Records to process ::
# # # #
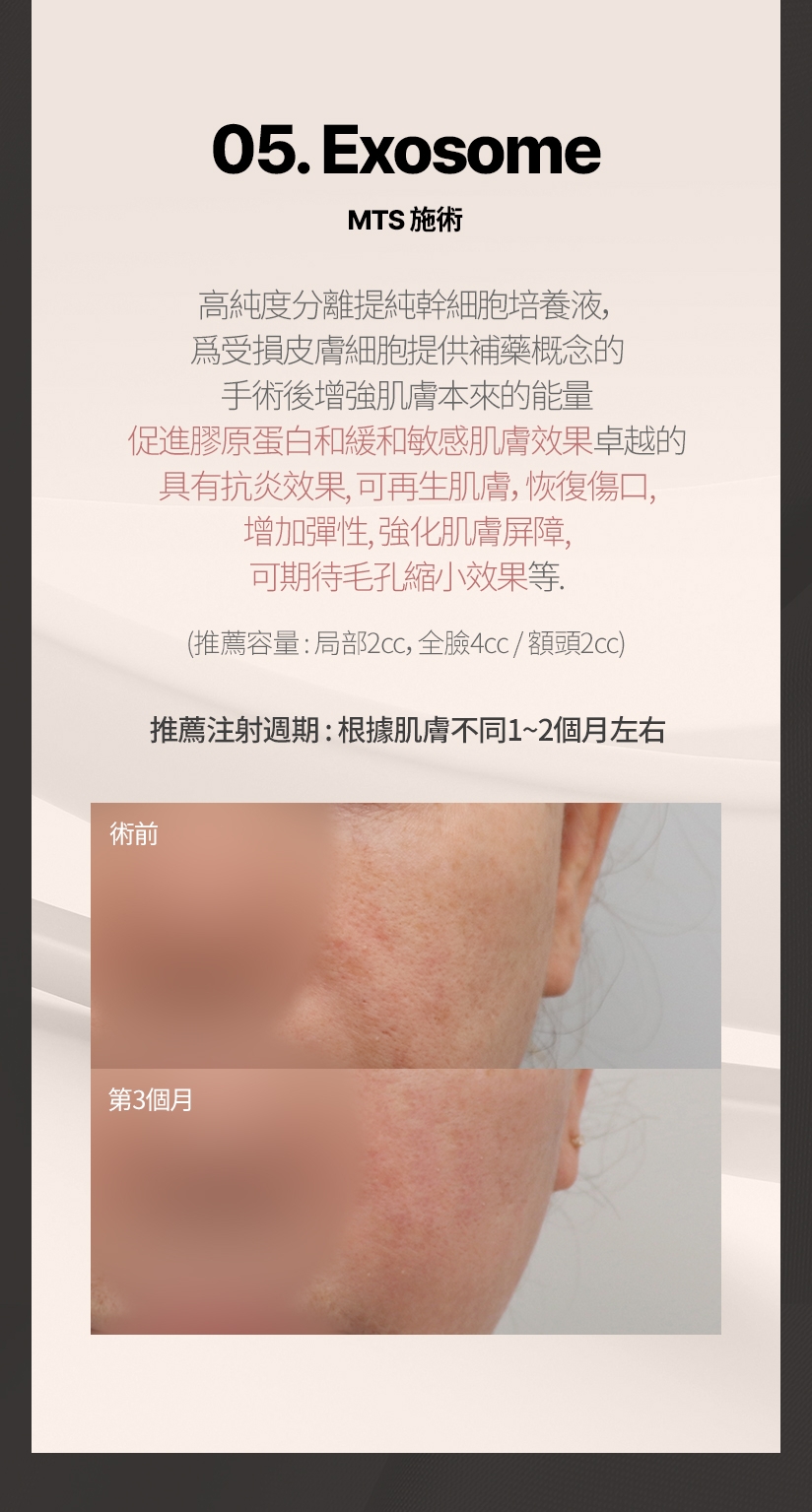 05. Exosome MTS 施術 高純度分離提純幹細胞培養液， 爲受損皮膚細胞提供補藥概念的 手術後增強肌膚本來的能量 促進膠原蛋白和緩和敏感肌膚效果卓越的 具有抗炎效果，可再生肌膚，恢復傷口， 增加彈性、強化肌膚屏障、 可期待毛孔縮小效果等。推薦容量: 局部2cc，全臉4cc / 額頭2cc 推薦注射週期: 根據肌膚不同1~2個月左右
# # # #
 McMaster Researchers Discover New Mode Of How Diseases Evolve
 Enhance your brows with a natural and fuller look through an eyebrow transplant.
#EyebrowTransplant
# # # #
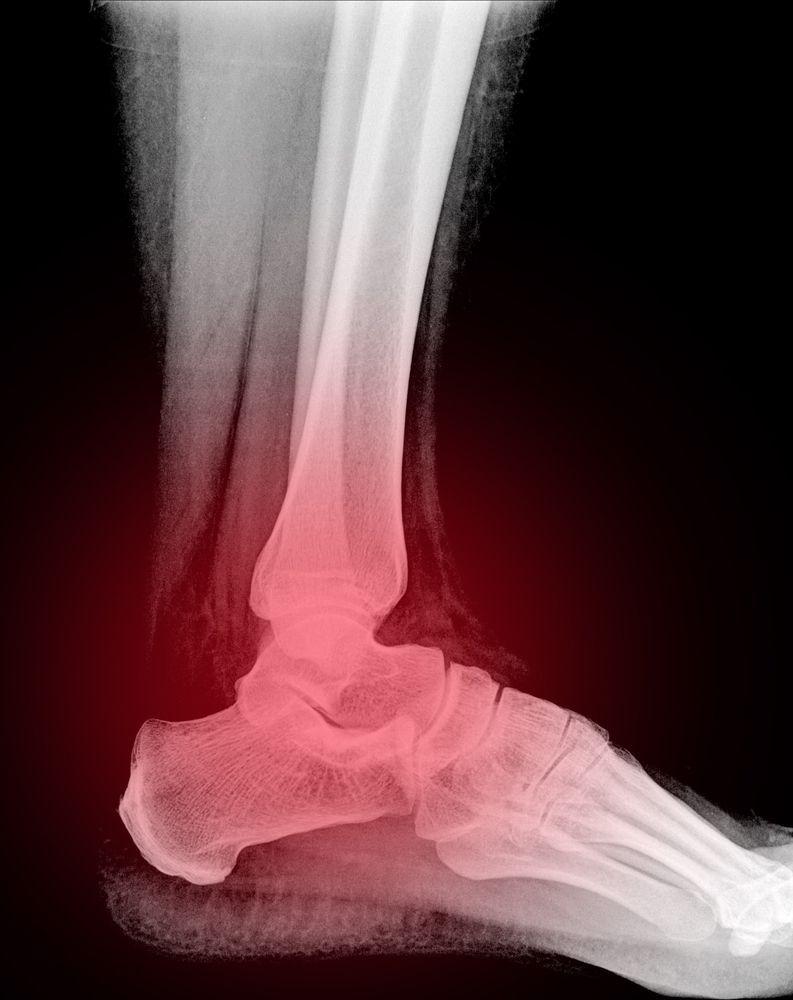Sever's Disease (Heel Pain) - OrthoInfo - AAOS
# # # #
Problem statement ::
From the data above, output only the lines between the line containing "McMaster Researchers Discover" and the line containing "#EyebrowTransplant", inclusive, exactly as written.

Solution below ::
 McMaster Researchers Discover New Mode Of How Diseases Evolve
 Enhance your brows with a natural and fuller look through an eyebrow transplant.
#EyebrowTransplant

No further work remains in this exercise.